Quantitative calibration of a TWPA applied to an optomechanical platform

TL;DR

This paper presents a detailed calibration of a Traveling Wave Parametric Amplifier (TWPA) in an optomechanical system, accounting for power-dependent absorption effects to enable precise quantum measurements of mechanical motion at millikelvin temperatures.

Contribution

It introduces a method to quantitatively calibrate TWPAs in optomechanical setups, including modeling TLS effects for accurate signal strength estimation.

Findings

Power-dependent TLS absorption affects TWPA calibration.

Calibration accuracy is within ±20% for phonon population measurements.

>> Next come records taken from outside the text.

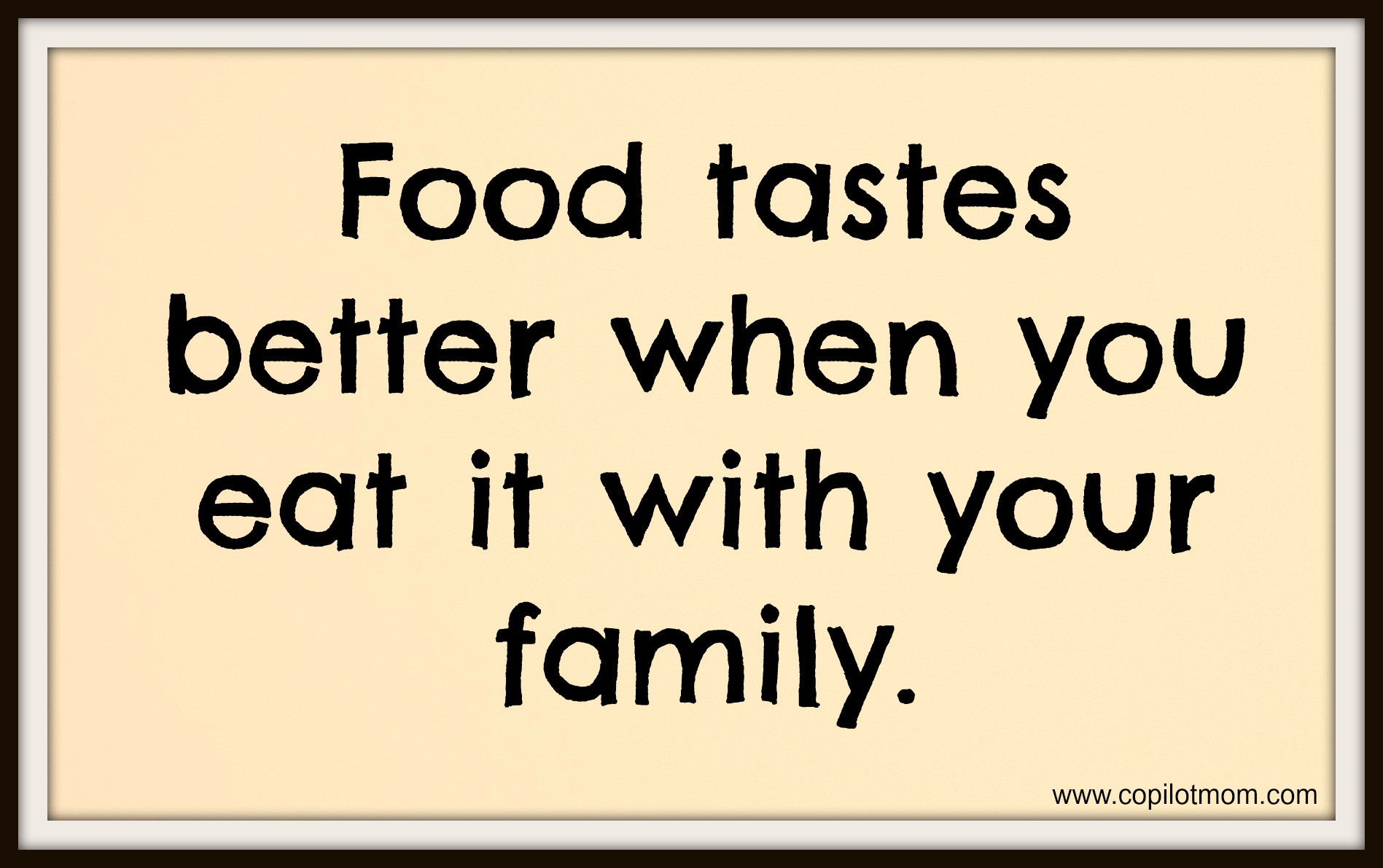 Quotes On Family
 Captains Quotes Food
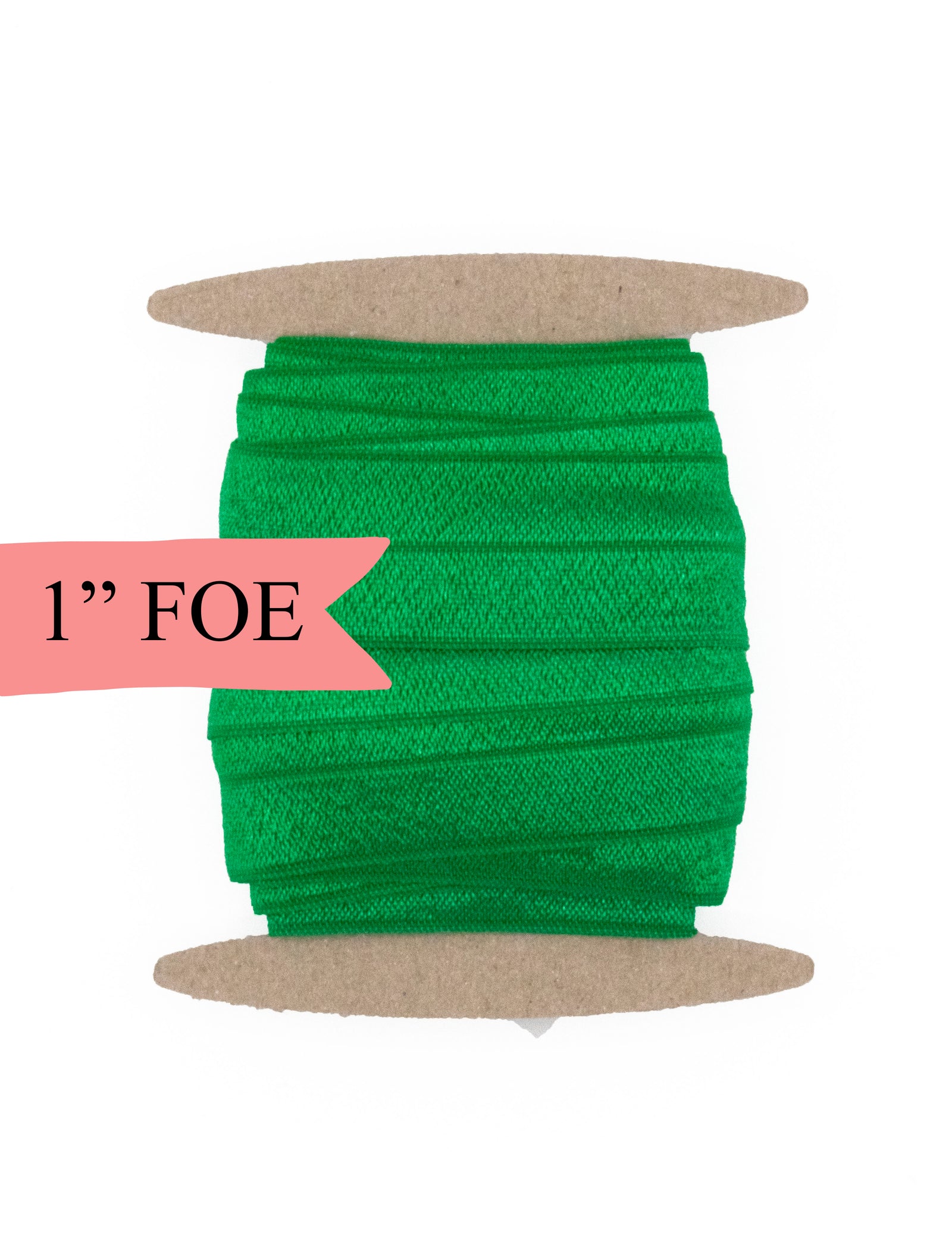 1" Fold Over Elastic Green Elastic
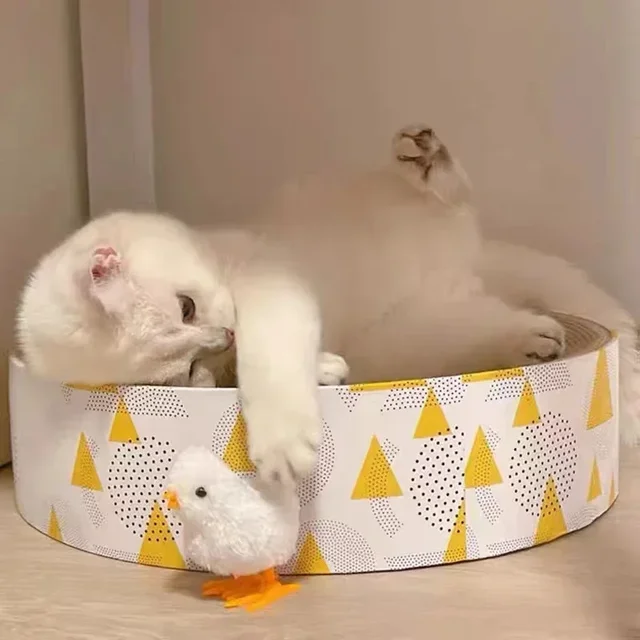 Cat Toy Wind Up Jumping Interactive Gifts Chicken Funny Pet Teaser Kittens Toys Pet Dog Supplies Cats Toys Games Accessories 3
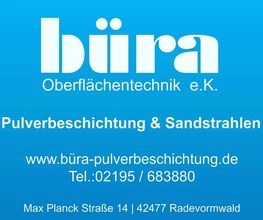 büra Oberflächentechnik e.K Logo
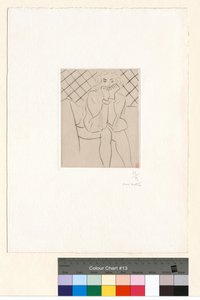 Ülő alak, kezek az állon alkotó: Henri Matisse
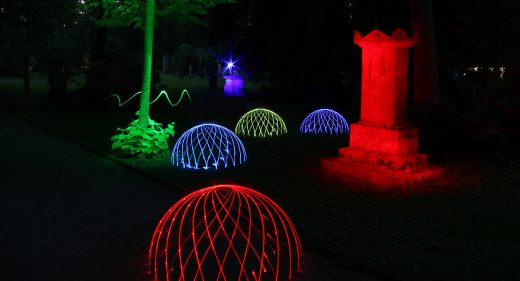 Lightpainting Domes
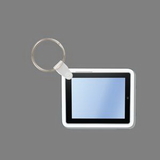 Key Ring & Full Color Punch Tag - Computer Tablet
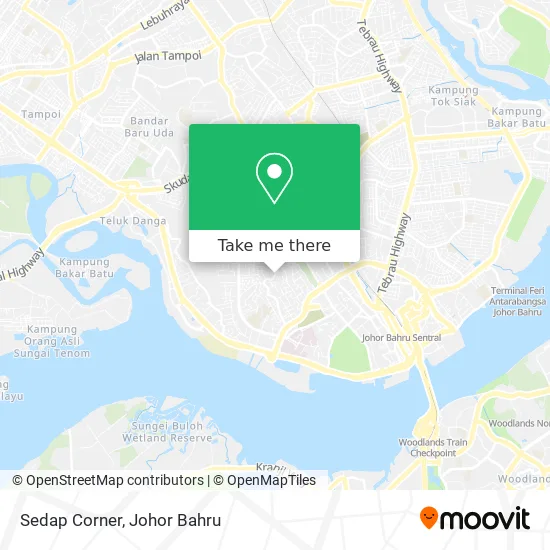 Sedap Corner map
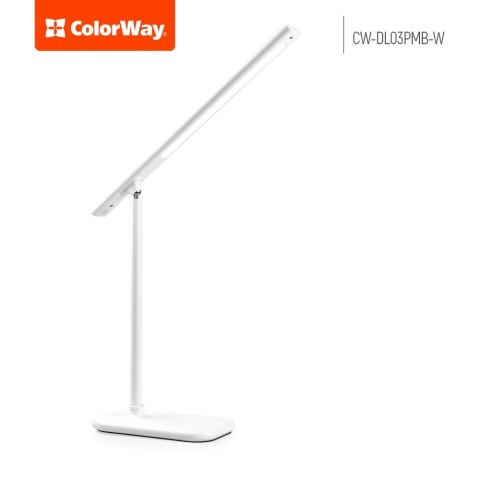 ColorWay | lm | LED Table Lamp Portable & Flexible with Built-in Battery | Yellow Light: 2800-3200, Natural Light: 4000-4500, Wh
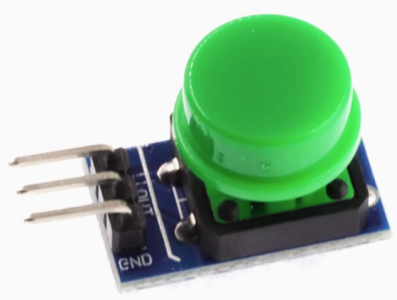 M&oacute;dulo Shield para Arduino Bot&atilde;o Grande Verde com Sa&iacute;da em N&iacute;vel Alto - Imagem 1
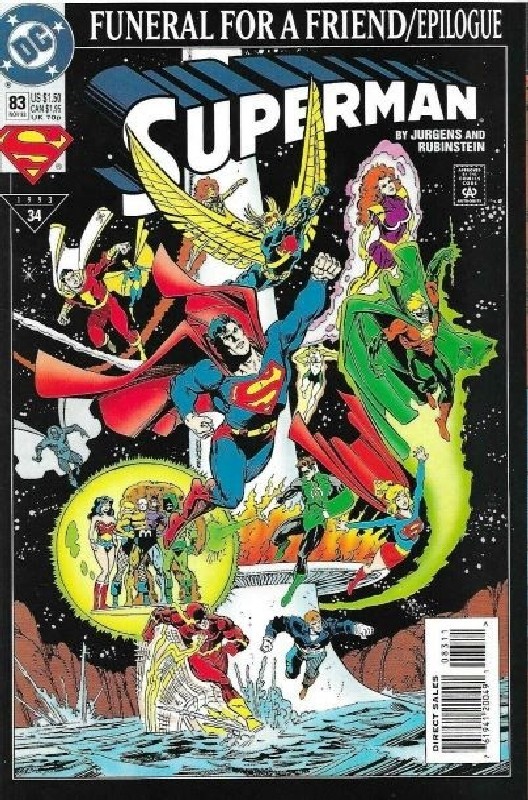 Cover of Superman (Vol 2) #83. One of 250,000 Vintage American Comics on sale from Krypton!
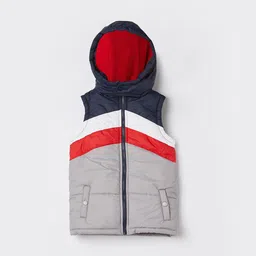 Fame Forever by Lifestyle Boys Padded Jacket with Patchwork-image-45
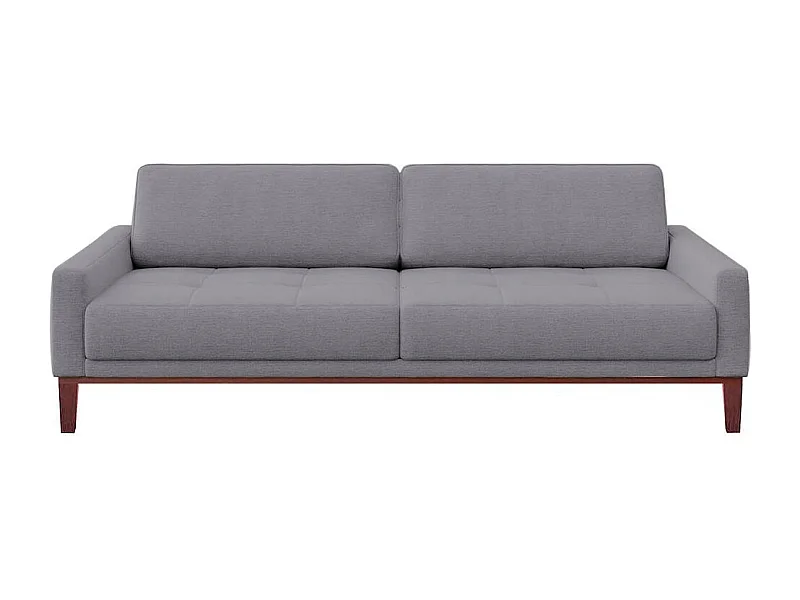 Canapé 3 places Musso gris avec assise capitonnée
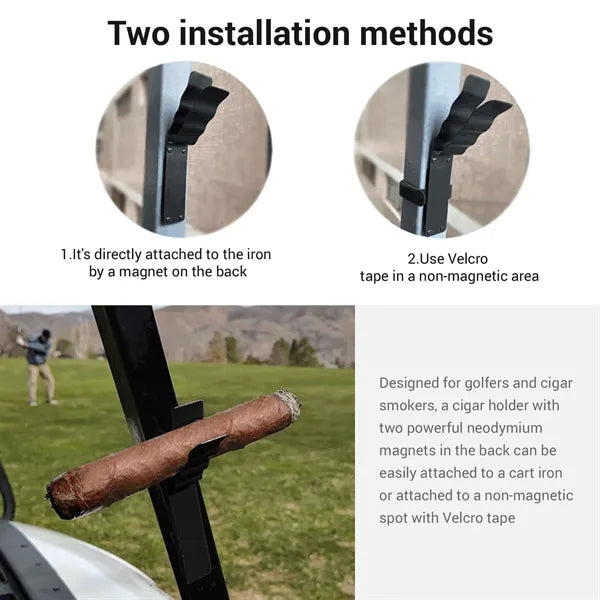 Outdoor V-shape Magnetic Cigar Holder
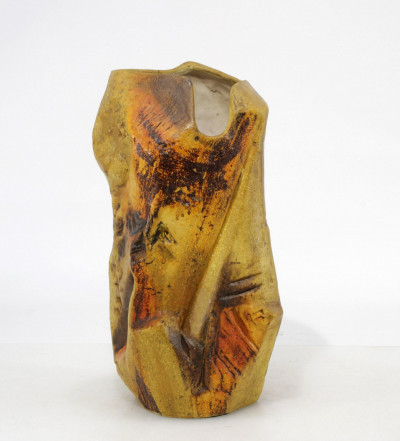 Image for Lot Marcello Fantoni - Yellow Ground Pottery Vase
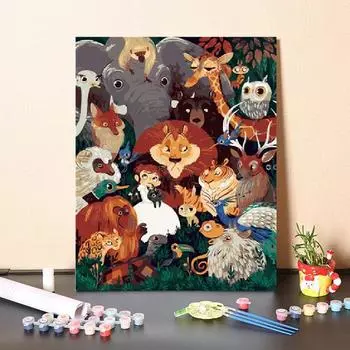 Холст DIY Краска по номерам Номера Картина маслом Украшение дома Искусство Цифровая картина маслом 40x50cm no frame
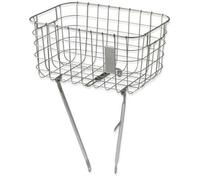 Basil Panier de vélo Robin – Unisexe adulte, argent, 10 kg
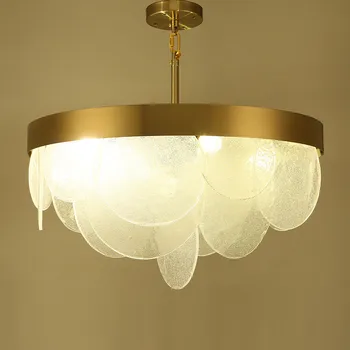 

Pendant Light Luxury Crystal Round Glass Handing Lamp D60cm For Living Room Restaurant Project Suspension Home lighting PA0115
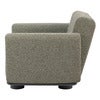 Bolster armchair Antracit / Teddy Verde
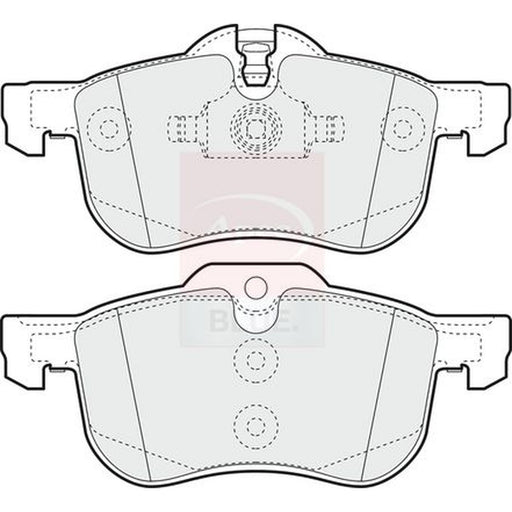 Apec Front Brake Pad Set fits MG MG 6 2010 on 1.8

The method enables reliable quantum-limited detection in optomechanics.

Abstract

In the last decade, the microwave quantum electronics toolbox has been enriched with quantum-limited detection devices such as Traveling Wave Parametric Amplifiers (TWPAs). The extreme sensitivity they provide is not only mandatory for some physics applications within quantum information processing, but is also the key element that will determine the detection limit of quantum sensing setups. In the framework of microwave optomechanical systems, an unprecedented range of small motions and forces is accessible, for which a specific quantitative calibration becomes necessary. We report on near quantum-limited measurements performed with an aluminum drumhead mechanical device within the temperature range 4 mK - 400 mK. The whole setup is carefully calibrated, especially taking into account the power-dependence of microwave absorption in the superconducting optomechanical cavity. This effect is commonly attributed to Two-Level-Systems (TLSs) present in the metal oxide. We demonstrate that a similar feature exists in the TWPA, and can be phenomenologically fit with adapted expressions. If not taken into account, the error on the signal strength can be as large as a factor of about 2, which is unacceptable for quantitative experiments. The power and temperature dependence is studied over the full parameter range, leading to an absolute definition of phonon population (i.e. Brownian motion amplitude), with an uncertainty +- 20 % limited by sources of noise internal to the optomechanical element.